AI chip

Driven by adoption of artificial intelligence (AI) across multiple industries, the global AI chip market generated nearly $29 billion in 2022, according to a report from Next Move Strategy Consulting.

The market is expected to generate nearly $305 billion by the end of the decade, boasting a compound annual growth rate (CAGR) of 29% from 2023 to 2030, the report projected.

These types of chips are a type of semiconductor designed specifically for AI applications and are more efficient and faster than traditional chips.

The broader chip market includes a wide variety of semiconductors, including CPUs, GPUs, memory chips and networking chips. This makes them ideal for a variety of applications, such as self-driving cars, facial recognition and natural language processing (NLP).

AI chips are typically in the form of a system-on-a-chip (SoC), which integrates all or most components of a computer or other electronic system on a single chip.

“This makes them smaller, more powerful and more energy-efficient than traditional chips,” explains Next Move analyst Shyam Gupta. “AI chips are a relatively new segment of the chip market, but they are growing rapidly due to the increasing demand for AI-powered applications.”

Gupta adds the AI chip industry is growing rapidly due to the increasing demand for autonomous and semi-autonomous driving.

“AI chips are used in these vehicles to interpret the surroundings, make intelligent choices and navigate the roads independently,” he says.

The capacity of AI to handle extensive data and process it, learn from past encounters and adjust to diverse scenarios is pivotal in attaining safe and efficient autonomous driving. For example, FABU’s Phoenix-100 perception chip is specifically engineered for autonomous driving solutions, offering the real-time and highly accurate perception of the surrounding environment.

Moreover, the industry for AI chips is further thriving due to the rapid automation in warehouses, where robots and other machines are extensively used to automate tasks and improve accuracy.

“AI chips are used to control these robots and machines, as well as process data received from different sensors,” Gupta notes. “These data are used to make decisions about how to automate tasks in warehouses.”

John Leddy, managing director, technology division, JLL, notes as the AI market continues to expand and grow its capabilities, demand for semiconductors will match the AI industry growth.

“This will require semiconductor designers and manufacturers to develop new, more efficient chips to process the increase in demands on computing, storage and memory,” he says. “This will require expansion and continued investment in manufacturing capabilities.”

He adds that despite the recent decline in semiconductor demand due to slumping PC production post pandemic, JLL expects to see the semiconductor industry grow at a 6-8% annual rate, driven by automotive, data storage and wireless industries.

“Demand for semiconductors specifically for AI applications may increase and accelerate this annual growth with AI market forecasts calling for a ten to twentyfold growth by 2030,” Leddy says.

Gupta points to IBM, AMD, Nvidia, Intel and Qualcomm as the leading companies in the AI chip industry, which is expected to see a significant evolution in the coming years due to the introduction of 2-nanometer (nm) chipsets in smartphones.

With the integration of 2nm chipsets into smartphones, manufacturers can significantly enhance energy efficiency by reducing power consumption, increasing performance per watt, optimizing AI acceleration, incorporating advanced power management features and improving thermal efficiency.

“These advancements contribute to prolonged battery life and better overall energy utilization, providing users with longer lasting and more efficient smartphones,” Gupta says.

Despite the enormous growth potential, he cautions growing intellectual property (IP) and patent disputes are obstructing the development and distribution of AI chips and constraining market growth.
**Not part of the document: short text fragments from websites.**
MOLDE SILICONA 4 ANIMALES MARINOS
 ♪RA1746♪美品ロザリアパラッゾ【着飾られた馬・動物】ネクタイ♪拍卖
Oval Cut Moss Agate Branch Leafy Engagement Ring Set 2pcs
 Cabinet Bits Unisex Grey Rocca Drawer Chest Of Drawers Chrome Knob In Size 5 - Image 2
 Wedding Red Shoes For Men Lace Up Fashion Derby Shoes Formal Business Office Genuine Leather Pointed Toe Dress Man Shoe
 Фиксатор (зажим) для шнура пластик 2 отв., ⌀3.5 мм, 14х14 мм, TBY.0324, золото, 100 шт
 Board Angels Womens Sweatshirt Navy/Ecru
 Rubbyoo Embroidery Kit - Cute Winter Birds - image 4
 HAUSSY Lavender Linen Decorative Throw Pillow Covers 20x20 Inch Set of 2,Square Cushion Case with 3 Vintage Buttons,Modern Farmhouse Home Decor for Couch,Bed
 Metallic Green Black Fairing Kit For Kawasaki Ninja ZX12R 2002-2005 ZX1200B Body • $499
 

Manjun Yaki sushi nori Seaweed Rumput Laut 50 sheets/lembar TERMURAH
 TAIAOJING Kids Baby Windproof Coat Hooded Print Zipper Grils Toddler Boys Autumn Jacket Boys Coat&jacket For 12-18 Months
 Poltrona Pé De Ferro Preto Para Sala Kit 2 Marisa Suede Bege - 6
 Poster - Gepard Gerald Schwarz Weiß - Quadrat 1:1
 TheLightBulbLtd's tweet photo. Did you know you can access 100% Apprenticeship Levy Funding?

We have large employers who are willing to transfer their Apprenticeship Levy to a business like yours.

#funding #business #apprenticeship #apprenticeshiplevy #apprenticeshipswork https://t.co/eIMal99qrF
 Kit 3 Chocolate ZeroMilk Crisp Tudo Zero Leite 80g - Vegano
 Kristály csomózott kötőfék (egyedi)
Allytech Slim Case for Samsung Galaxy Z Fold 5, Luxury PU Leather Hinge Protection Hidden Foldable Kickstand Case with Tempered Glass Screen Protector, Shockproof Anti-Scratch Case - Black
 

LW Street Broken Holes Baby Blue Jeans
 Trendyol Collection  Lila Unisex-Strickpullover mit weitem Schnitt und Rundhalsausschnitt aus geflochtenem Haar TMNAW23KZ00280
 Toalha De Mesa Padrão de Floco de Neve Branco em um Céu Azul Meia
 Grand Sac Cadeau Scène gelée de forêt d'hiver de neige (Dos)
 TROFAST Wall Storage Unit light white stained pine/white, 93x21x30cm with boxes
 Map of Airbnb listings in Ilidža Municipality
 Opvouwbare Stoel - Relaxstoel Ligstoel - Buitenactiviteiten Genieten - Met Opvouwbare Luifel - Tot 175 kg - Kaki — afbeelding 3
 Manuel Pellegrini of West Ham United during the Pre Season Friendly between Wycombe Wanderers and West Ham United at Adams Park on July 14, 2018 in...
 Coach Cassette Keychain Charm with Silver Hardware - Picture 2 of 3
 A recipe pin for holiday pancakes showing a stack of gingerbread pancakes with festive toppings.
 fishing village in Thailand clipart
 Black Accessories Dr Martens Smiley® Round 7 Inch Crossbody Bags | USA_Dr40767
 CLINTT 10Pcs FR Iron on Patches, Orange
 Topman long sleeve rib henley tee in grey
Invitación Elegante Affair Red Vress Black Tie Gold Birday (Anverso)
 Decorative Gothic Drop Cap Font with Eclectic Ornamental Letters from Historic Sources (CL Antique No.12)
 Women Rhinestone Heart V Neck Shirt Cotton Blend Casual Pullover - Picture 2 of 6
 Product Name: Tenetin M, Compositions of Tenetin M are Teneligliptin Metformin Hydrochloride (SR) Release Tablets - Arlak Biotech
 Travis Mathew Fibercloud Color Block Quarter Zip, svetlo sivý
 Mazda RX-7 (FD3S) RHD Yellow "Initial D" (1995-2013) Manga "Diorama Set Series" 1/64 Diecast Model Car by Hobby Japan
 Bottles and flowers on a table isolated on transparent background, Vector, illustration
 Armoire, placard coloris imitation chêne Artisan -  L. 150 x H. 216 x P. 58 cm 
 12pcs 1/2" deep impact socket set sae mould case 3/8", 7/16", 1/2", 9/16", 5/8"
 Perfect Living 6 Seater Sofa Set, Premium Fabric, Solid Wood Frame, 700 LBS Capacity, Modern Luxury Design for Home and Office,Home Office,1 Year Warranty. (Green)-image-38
“Patent disputes can be costly and time-consuming to resolve, and they can also obstruct the development and distribution of AI chips,” Gupta explains. “It can discourage companies from investing in R&D.”

For example, in 2020, Nvidia sued rival chipmaker Intel for patent infringement. The lawsuit alleged that Intel’s AI chips infringed on Nvidia’s patents for GPU technology. The lawsuit was settled in 2022, with Intel agreeing to pay Nvidia a licensing fee.

In addition, Gupta notes rising geopolitical tensions that give rise to export regulations imposed by governments on the AI chip industry are likely to restrict the growth of the market.

“For example, the US Department of Commerce placed new restrictions on the export of AI chips used in high-performance computing applications, especially to China,” he says. “This regulation will impact the cost of AI chips in the coming years.”